Dataset entries:
---

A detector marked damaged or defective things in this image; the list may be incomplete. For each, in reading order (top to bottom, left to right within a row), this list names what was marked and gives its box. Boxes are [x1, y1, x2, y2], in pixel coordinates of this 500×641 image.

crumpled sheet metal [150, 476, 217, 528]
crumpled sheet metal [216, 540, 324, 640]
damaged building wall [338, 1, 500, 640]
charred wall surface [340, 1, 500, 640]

---

§ Goal of the exercise
Retype all the data verbatim.

§ Reply to the exercise
A detector marked damaged or defective things in this image; the list may be incomplete. For each, in reading order (top to bottom, left to right within a row), this list names what was marked and gives its box. Boxes are [x1, y1, x2, y2], in pixel coordinates of this 500×641 image.

crumpled sheet metal [150, 476, 217, 528]
crumpled sheet metal [216, 540, 324, 640]
damaged building wall [338, 1, 500, 640]
charred wall surface [340, 1, 500, 640]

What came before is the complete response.